EXERCISE INPUT:
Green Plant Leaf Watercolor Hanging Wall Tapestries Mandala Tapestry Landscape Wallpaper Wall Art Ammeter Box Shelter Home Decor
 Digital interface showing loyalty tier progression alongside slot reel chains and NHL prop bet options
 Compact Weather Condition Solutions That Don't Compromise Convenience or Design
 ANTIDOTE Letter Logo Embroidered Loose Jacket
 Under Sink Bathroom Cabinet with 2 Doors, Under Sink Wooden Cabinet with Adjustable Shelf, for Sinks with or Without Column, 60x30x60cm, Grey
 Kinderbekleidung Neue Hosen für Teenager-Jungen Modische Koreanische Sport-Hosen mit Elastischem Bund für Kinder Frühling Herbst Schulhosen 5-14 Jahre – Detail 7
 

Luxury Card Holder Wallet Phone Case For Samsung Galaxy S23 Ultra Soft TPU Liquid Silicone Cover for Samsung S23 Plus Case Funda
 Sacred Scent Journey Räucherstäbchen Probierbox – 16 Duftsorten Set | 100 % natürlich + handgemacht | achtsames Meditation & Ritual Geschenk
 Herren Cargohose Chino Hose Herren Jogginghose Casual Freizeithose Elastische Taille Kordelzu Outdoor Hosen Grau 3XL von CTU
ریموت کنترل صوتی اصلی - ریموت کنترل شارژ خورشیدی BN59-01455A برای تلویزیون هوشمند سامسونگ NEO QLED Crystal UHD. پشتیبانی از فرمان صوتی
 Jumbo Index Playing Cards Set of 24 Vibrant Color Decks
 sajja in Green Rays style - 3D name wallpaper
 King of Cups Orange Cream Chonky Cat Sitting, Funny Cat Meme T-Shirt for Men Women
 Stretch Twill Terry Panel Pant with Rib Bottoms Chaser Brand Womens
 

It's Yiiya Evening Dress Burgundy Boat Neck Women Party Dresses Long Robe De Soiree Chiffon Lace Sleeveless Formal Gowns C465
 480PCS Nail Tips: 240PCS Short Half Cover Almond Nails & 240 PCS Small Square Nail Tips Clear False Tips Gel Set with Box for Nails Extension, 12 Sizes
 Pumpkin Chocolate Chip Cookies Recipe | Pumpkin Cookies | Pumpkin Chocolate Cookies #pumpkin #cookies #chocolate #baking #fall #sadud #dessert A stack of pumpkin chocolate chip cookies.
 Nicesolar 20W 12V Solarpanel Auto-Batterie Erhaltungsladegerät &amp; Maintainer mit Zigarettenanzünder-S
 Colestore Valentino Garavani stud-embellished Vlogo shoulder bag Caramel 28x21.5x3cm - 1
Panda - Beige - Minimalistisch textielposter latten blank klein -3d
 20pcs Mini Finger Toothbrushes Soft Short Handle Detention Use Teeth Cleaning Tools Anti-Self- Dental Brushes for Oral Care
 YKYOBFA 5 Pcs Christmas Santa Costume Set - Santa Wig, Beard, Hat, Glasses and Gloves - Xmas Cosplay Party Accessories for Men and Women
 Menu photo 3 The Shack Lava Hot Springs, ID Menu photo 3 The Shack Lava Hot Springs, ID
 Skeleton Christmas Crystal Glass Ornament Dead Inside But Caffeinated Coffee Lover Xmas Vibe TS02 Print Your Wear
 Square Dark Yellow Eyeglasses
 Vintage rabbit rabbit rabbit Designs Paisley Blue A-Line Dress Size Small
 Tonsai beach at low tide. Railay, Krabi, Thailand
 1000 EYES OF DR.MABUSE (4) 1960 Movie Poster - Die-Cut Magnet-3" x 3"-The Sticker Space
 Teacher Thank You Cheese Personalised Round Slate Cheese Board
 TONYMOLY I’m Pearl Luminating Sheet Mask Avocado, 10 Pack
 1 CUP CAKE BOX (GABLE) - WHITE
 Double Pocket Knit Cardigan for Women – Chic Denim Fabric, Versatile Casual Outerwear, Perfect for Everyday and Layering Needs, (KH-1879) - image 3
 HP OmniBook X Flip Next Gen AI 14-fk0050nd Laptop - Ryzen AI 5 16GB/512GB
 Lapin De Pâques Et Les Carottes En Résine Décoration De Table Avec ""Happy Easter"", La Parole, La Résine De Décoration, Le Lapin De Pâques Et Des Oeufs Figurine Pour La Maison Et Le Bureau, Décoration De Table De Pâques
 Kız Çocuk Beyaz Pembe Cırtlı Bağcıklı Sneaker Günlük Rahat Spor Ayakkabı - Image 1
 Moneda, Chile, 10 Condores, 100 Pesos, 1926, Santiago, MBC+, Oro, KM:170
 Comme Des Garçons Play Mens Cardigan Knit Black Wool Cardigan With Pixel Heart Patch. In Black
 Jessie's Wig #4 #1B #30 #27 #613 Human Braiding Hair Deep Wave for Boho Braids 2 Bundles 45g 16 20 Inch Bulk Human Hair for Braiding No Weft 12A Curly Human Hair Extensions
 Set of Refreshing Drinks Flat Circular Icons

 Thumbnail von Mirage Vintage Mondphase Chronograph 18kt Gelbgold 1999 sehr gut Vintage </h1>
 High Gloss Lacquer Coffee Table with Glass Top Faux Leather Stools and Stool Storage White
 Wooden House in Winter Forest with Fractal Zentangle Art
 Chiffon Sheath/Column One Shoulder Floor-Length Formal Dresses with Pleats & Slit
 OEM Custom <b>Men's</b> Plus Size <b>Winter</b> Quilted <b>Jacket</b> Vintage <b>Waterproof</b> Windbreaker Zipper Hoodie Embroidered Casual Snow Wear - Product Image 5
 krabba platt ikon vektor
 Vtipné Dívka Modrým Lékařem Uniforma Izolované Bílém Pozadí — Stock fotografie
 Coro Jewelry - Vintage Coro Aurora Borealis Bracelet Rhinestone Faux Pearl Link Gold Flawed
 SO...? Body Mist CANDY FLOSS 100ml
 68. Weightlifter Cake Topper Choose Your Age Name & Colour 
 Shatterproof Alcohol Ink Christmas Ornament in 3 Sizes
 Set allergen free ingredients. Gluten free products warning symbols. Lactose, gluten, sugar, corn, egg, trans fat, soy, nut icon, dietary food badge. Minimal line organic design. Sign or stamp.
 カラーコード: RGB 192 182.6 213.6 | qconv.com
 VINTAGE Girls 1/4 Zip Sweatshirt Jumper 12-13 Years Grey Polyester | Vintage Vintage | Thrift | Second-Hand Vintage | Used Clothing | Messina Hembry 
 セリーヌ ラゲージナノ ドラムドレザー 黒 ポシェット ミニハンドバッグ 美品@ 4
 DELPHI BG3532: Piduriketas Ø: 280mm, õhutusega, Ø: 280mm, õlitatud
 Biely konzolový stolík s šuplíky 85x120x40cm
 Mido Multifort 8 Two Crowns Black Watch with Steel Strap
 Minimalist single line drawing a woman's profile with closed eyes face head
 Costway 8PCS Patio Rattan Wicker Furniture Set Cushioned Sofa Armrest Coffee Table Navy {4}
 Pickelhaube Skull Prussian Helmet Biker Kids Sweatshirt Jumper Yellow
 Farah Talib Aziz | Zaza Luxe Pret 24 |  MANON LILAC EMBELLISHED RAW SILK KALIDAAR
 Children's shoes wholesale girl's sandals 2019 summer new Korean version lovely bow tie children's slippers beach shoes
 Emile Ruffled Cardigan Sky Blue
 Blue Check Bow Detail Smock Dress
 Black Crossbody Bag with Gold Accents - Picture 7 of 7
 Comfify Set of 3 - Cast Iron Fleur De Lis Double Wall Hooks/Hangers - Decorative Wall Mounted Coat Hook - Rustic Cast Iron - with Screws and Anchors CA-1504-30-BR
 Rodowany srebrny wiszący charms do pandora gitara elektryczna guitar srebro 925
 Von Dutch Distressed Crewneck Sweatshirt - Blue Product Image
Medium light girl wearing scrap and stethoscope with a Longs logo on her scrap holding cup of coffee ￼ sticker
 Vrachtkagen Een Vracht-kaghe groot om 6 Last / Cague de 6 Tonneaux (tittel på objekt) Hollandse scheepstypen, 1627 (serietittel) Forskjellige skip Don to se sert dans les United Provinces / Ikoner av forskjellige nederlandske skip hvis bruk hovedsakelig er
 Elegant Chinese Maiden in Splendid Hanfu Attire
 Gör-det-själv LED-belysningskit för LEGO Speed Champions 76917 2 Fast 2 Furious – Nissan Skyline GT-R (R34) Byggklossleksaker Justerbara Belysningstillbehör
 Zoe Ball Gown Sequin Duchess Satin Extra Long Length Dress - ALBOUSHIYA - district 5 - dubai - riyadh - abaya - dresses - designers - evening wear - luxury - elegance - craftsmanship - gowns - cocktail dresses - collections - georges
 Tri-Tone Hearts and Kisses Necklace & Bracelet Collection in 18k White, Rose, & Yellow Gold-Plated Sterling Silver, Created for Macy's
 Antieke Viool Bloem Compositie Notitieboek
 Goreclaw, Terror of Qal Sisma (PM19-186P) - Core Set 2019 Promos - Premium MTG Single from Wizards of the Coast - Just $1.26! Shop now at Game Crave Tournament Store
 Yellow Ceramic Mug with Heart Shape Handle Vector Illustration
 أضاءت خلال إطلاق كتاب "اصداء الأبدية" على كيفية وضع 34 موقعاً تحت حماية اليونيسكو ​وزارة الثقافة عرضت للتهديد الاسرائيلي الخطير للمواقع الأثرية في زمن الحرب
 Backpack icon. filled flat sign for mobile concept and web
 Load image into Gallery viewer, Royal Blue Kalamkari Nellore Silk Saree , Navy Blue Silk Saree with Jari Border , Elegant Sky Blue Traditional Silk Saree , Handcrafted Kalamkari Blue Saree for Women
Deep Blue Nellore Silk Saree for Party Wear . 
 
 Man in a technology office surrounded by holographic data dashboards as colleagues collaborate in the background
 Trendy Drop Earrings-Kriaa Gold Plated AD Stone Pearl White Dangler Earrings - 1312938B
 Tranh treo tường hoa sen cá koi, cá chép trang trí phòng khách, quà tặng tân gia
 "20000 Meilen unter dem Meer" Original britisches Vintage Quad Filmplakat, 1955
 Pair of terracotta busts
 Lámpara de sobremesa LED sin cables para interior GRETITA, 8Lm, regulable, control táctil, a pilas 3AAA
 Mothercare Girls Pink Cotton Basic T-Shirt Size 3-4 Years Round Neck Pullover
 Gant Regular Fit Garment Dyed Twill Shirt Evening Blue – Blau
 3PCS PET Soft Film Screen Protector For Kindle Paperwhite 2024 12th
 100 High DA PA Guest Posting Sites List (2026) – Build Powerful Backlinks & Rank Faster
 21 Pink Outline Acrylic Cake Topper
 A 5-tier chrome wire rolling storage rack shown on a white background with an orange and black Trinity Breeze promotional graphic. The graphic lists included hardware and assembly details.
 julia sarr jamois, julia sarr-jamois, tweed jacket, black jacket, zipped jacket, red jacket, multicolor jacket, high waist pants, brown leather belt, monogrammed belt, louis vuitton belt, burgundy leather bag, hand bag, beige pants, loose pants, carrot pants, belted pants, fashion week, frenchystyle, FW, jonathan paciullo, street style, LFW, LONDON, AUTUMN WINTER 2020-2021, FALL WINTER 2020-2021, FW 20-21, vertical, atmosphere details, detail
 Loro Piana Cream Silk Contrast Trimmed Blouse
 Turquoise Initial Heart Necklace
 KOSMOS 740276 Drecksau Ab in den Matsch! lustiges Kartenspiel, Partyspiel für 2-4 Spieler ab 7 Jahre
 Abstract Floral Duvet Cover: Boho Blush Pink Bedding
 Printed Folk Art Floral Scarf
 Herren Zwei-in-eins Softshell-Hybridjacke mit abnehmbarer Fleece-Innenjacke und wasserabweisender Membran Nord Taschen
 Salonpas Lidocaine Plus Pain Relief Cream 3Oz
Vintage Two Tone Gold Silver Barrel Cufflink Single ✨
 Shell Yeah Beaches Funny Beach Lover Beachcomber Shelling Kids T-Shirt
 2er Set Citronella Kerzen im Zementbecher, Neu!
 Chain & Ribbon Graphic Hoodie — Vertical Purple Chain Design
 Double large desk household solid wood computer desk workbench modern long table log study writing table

TASK TO CARRY OUT: Give the lines of the material above again, exactly, from its first line through the line that contains "480PCS Nail Tips: 240PCS" and no further.

WRITTEN ANSWER:
Green Plant Leaf Watercolor Hanging Wall Tapestries Mandala Tapestry Landscape Wallpaper Wall Art Ammeter Box Shelter Home Decor
 Digital interface showing loyalty tier progression alongside slot reel chains and NHL prop bet options
 Compact Weather Condition Solutions That Don't Compromise Convenience or Design
 ANTIDOTE Letter Logo Embroidered Loose Jacket
 Under Sink Bathroom Cabinet with 2 Doors, Under Sink Wooden Cabinet with Adjustable Shelf, for Sinks with or Without Column, 60x30x60cm, Grey
 Kinderbekleidung Neue Hosen für Teenager-Jungen Modische Koreanische Sport-Hosen mit Elastischem Bund für Kinder Frühling Herbst Schulhosen 5-14 Jahre – Detail 7
 

Luxury Card Holder Wallet Phone Case For Samsung Galaxy S23 Ultra Soft TPU Liquid Silicone Cover for Samsung S23 Plus Case Funda
 Sacred Scent Journey Räucherstäbchen Probierbox – 16 Duftsorten Set | 100 % natürlich + handgemacht | achtsames Meditation & Ritual Geschenk
 Herren Cargohose Chino Hose Herren Jogginghose Casual Freizeithose Elastische Taille Kordelzu Outdoor Hosen Grau 3XL von CTU
ریموت کنترل صوتی اصلی - ریموت کنترل شارژ خورشیدی BN59-01455A برای تلویزیون هوشمند سامسونگ NEO QLED Crystal UHD. پشتیبانی از فرمان صوتی
 Jumbo Index Playing Cards Set of 24 Vibrant Color Decks
 sajja in Green Rays style - 3D name wallpaper
 King of Cups Orange Cream Chonky Cat Sitting, Funny Cat Meme T-Shirt for Men Women
 Stretch Twill Terry Panel Pant with Rib Bottoms Chaser Brand Womens
 

It's Yiiya Evening Dress Burgundy Boat Neck Women Party Dresses Long Robe De Soiree Chiffon Lace Sleeveless Formal Gowns C465
 480PCS Nail Tips: 240PCS Short Half Cover Almond Nails & 240 PCS Small Square Nail Tips Clear False Tips Gel Set with Box for Nails Extension, 12 Sizes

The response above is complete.